Query Rewriting in Search Engines by Hugh Williams was mentioned in Amazon CloudSearch, Elastic Search as a Service by Jeff Dalton. (You need to read Jeff’s comments on Amazon Cloudsearch but onto query rewriting.)
From the post:
There’s countless information on search ranking – creating ranking functions, and their factors such as PageRank and text. Query rewriting is less conspicuous but equally important. Our experience at eBay is that query rewriting has the potential to deliver as much improvement to search as core ranking, and that’s what I’ve seen and heard at other companies.
What is query rewriting?
Let’s start with an example. Suppose a user queries for Gucci handbags at eBay. If we take this literally, the results will be those that have the words Gucci and handbags somewhere in the matching documents. Unfortunately, many great answers aren’t returned. Why?
Consider a document that contains Gucci and handbag, but never uses the plural handbags. It won’t match the query, and won’t be returned. Same story if the document contains Gucci and purse (rather than handbag). And again for a document that contains Gucci but doesn’t contain handbags or a synonym – instead it’s tagged in the “handbags” category on eBay; the user implicitly assumed it’d be returned when a buyer types Gucci handbags as their query.
To solve this problem, we need to do one of two things: add words to the documents so that they match other queries, or add words to the queries so that they match other documents.

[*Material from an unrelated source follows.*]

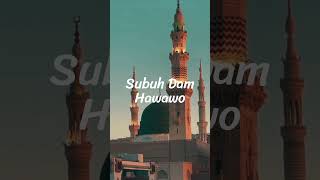 Kaeshur Naat  Subuh Dam Hawawo  Vocals Only [upl. by Gareri469]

Query rewriting is the latter approach, and that’s the topic of this post. What I will say about expanding documents is there are tradeoffs: it’s always smart to compute something once in search and store it, rather than compute it for every query, and so there’s a certain attraction to modifying documents once. On the other hand, there are vastly more words in documents than there are words in queries, and doing too much to documents gets expensive and leads to imprecise matching (or returning too many irrelevant documents). I’ve also observed over the years that what works for queries doesn’t always work for documents.
You really need to read the post by Hugh a couple of times.
Query rewriting is approaching the problem of subject identity from the other side of topic maps.
Topic maps collect different identifiers for a subject as a basis for “merging”.
Query rewriting changes a query so it specifies different identifiers for a subject.
Let me try to draw a graphic for you (my graphic skills are crude at best):
I used “/” as an alternative marker for topic maps to illustrate that matching any identifier returns all of them. For query rewrite, the “+” sign indicates that each identifier is searched for in addition to the others.
The result is the same set of identifiers and results from using them on a query set.
From a different point of view.